Output the lines from the one holding "1 pieza Bolso" to the end of the entries that follow, exactly and only those, minus any pictures.

── EXTRACTED RECORDS

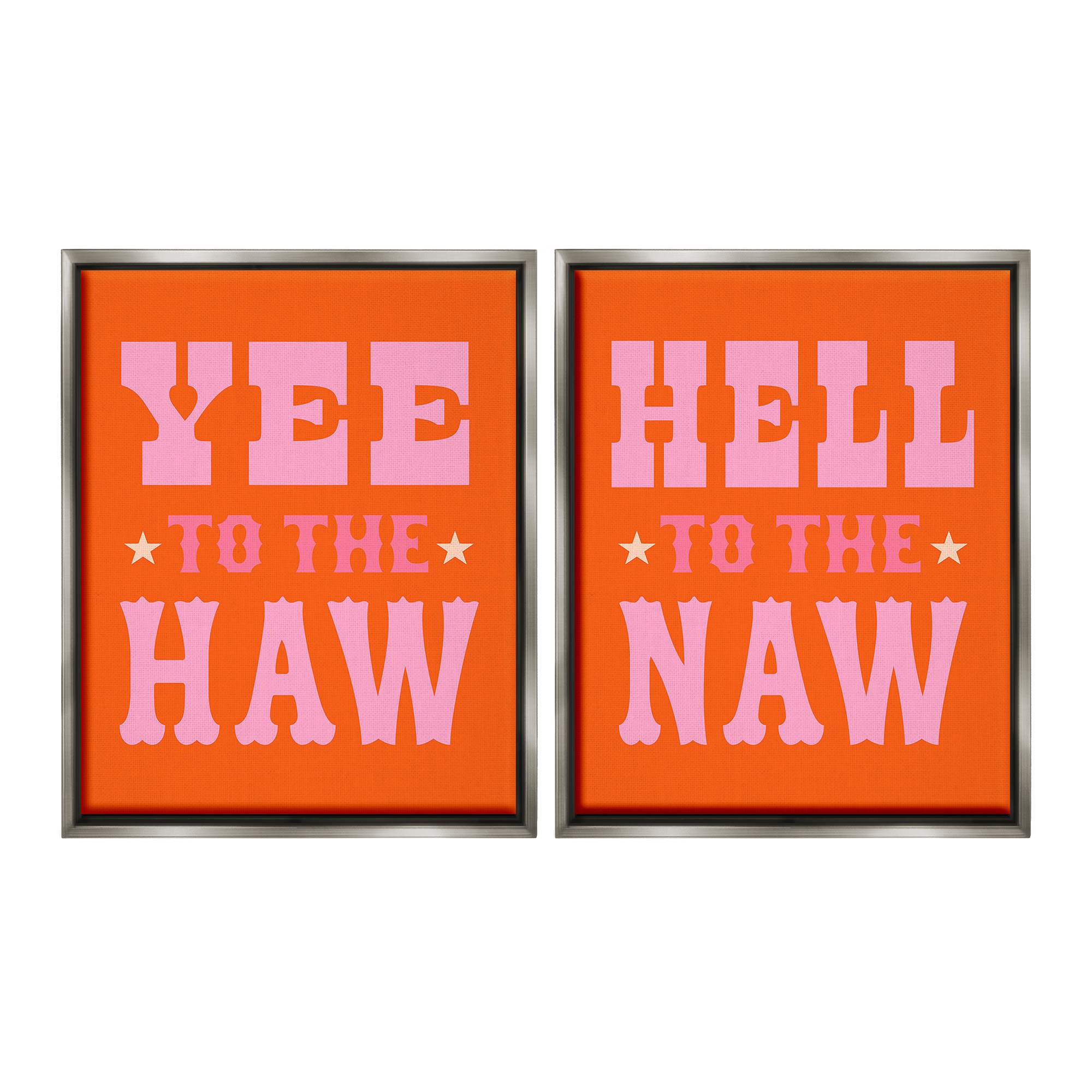 Stupell Industries Funny Cowgirl Phrases Typography Painting Gray Floater Framed Canvas Art Print Wall Art, 25 x 31, Set of 2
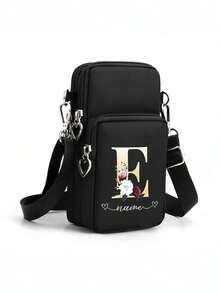1 pieza Bolso bandolera de moda y ocio con bolsa para teléfono móvil y monedero vertical, para niña, viaje, vuelta al colegio, regalos (la posición de las letras no es fija) - Negro - Ver 13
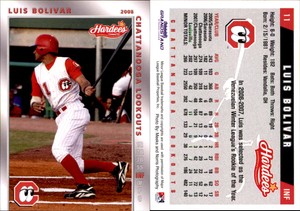 Luis Bolivar 2008 Grandstand Chattanooga Lookouts #NNO Card *AutographDen*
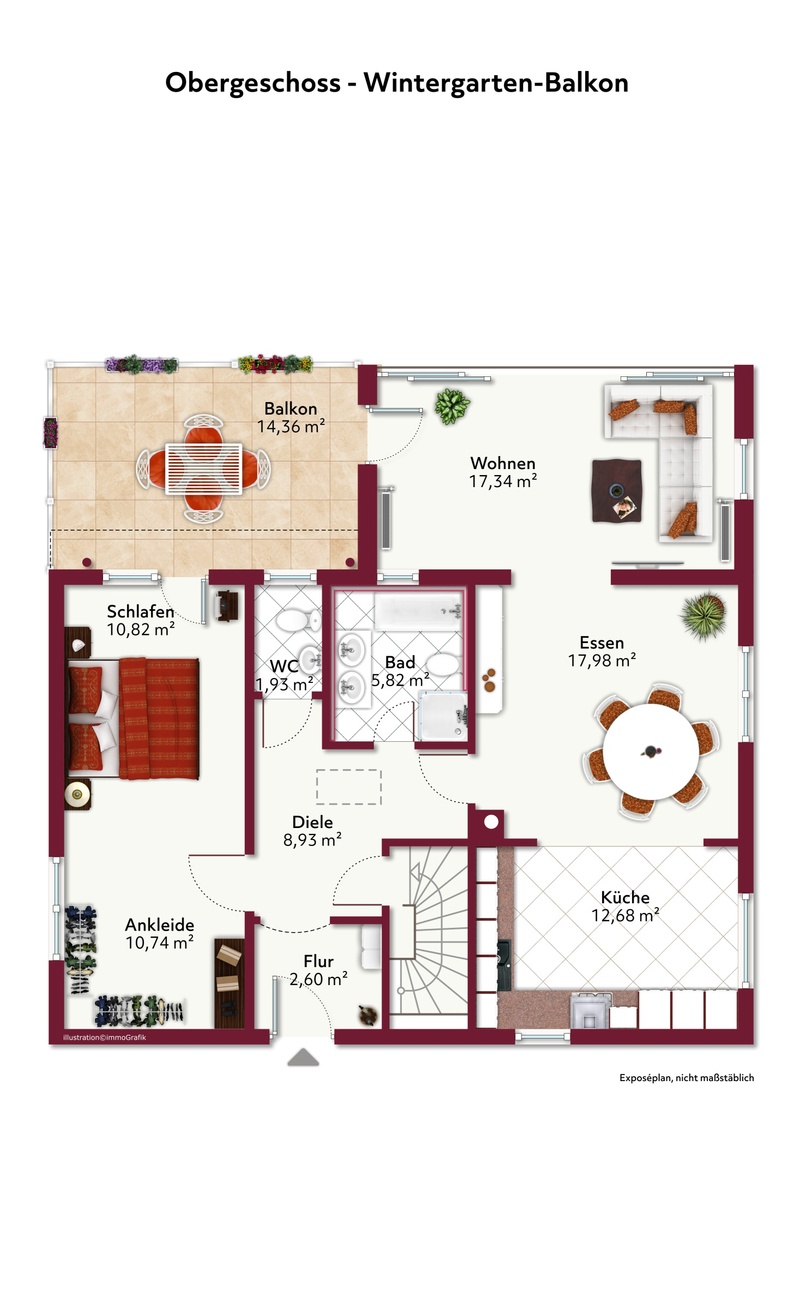 Obergeschoss-M�blierungsvorschlag Einfamilienhaus Jossgrund-Lettgenbrunn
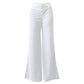 Pantalon large décontracté à taille haute pour femme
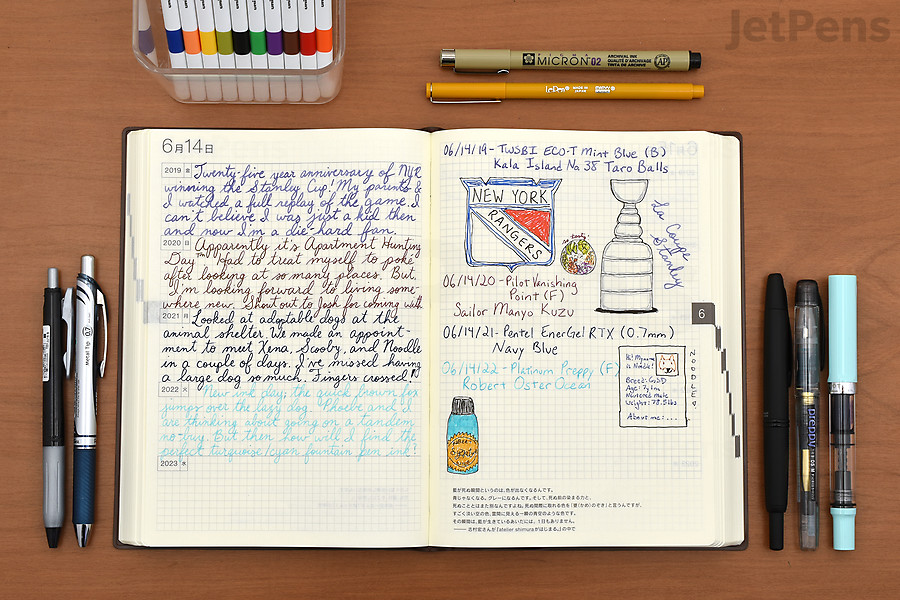 Stephanie writes down milestones, anniversaries, and other memories in the A5 Hobonichi 5-Year Techo.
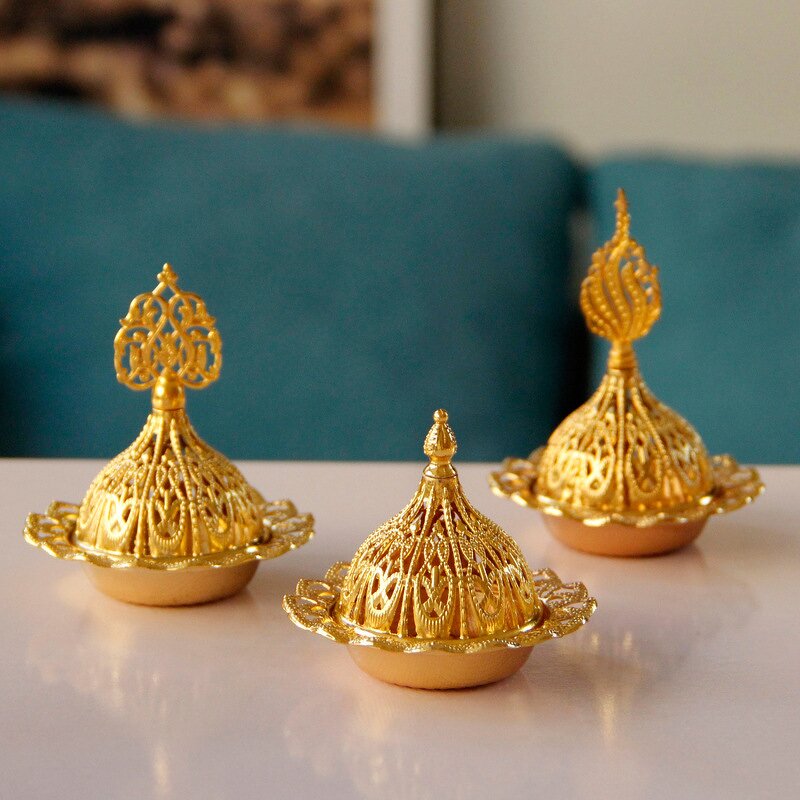 Incense Burner Manufacturer - Multi Style Metal Little Golden Pagoda Simple Home Decoration Creative Incense Holder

────

▶ [ANSWER SECTION]
1 pieza Bolso bandolera de moda y ocio con bolsa para teléfono móvil y monedero vertical, para niña, viaje, vuelta al colegio, regalos (la posición de las letras no es fija) - Negro - Ver 13
 Luis Bolivar 2008 Grandstand Chattanooga Lookouts #NNO Card *AutographDen*
 Obergeschoss-M�blierungsvorschlag Einfamilienhaus Jossgrund-Lettgenbrunn
 Pantalon large décontracté à taille haute pour femme
 Stephanie writes down milestones, anniversaries, and other memories in the A5 Hobonichi 5-Year Techo.
 Incense Burner Manufacturer - Multi Style Metal Little Golden Pagoda Simple Home Decoration Creative Incense Holder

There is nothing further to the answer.